(Short web captions)
§

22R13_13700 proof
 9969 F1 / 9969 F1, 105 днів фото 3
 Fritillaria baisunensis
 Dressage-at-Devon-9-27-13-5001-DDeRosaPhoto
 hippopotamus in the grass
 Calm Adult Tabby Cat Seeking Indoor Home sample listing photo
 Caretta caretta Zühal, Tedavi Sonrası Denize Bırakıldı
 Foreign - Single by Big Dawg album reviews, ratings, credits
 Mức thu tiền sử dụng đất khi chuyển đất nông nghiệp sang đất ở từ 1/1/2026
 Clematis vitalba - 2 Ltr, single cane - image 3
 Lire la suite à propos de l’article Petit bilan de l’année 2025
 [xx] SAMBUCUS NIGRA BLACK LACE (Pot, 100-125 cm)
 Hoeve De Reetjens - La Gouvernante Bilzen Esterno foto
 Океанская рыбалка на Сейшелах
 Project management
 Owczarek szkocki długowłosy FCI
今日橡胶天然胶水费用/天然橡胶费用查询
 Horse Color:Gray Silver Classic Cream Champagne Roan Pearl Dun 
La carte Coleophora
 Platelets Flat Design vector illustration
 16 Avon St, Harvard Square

§

Transcribe exactly, starting at the line with "Platelets Flat Design vector illustration" and continuing through the last line of the data above; leave out all earlier lines.

RESPONSE FOR THIS EXERCISE:
 Platelets Flat Design vector illustration
 16 Avon St, Harvard Square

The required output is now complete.